Hip Priest - The Story of Mark E.Smith and The Fall by Simon Ford

The late John Peel has a lot to answer for.  A few months ago I came across three (yes three!) books about The Fall in the Reading Broad Street branch of Waterstone's bookshop.   I thought that Mark E.Smith must have died, or at least have been given a knighthood.  

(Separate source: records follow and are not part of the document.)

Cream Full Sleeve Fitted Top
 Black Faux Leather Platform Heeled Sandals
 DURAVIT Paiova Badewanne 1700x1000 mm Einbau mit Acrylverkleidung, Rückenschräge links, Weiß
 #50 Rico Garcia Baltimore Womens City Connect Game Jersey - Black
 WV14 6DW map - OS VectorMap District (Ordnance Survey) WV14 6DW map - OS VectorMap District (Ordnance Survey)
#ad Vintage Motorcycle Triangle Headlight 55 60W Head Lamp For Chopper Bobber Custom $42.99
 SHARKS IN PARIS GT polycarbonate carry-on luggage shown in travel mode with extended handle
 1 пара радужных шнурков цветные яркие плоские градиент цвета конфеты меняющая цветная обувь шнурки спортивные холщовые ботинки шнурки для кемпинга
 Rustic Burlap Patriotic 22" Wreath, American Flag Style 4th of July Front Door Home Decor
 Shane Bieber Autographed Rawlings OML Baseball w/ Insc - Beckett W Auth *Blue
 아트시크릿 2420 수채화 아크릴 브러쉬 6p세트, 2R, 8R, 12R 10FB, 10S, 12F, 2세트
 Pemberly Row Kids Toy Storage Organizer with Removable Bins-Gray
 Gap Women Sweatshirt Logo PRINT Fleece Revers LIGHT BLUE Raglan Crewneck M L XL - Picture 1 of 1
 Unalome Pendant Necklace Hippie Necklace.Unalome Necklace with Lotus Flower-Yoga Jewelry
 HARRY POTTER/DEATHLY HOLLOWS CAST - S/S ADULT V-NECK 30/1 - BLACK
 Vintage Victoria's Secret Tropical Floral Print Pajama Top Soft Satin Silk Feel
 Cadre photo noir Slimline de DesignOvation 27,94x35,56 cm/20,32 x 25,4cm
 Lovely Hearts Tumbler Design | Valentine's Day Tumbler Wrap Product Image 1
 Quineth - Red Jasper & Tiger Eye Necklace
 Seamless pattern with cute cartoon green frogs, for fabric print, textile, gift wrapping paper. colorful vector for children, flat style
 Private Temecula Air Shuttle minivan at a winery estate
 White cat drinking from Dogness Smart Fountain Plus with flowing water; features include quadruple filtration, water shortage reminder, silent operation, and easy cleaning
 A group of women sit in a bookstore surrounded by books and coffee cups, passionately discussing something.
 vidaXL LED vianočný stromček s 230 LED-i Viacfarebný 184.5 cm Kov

I first heard The Fall when I was at Leeds University in 1978, on the Peel program of course.  Back then they were very rough indeed, but I was impressed enough to seek out and buy Bingo Master's Break-Out! and Live at the Witch Trials.  I followed them through Dragnet, Fiery Jack, How I Wrote Elastic Man, Totally Wired, and on to Hex Enduction Hour in 1982.  After that, I must have become more responsible, for the only other Fall records I bought were The Wonderful and Frightening World of The Fall (1984) and Bend Sinister (1986).  Then I lost track of them completely for several years.  It was only when I started listening to BBC Radio 6 on broadband that I learned that The Fall, or rather Mark E.Smith and the current version of The Fall, are still active and producing good stuff in 2004.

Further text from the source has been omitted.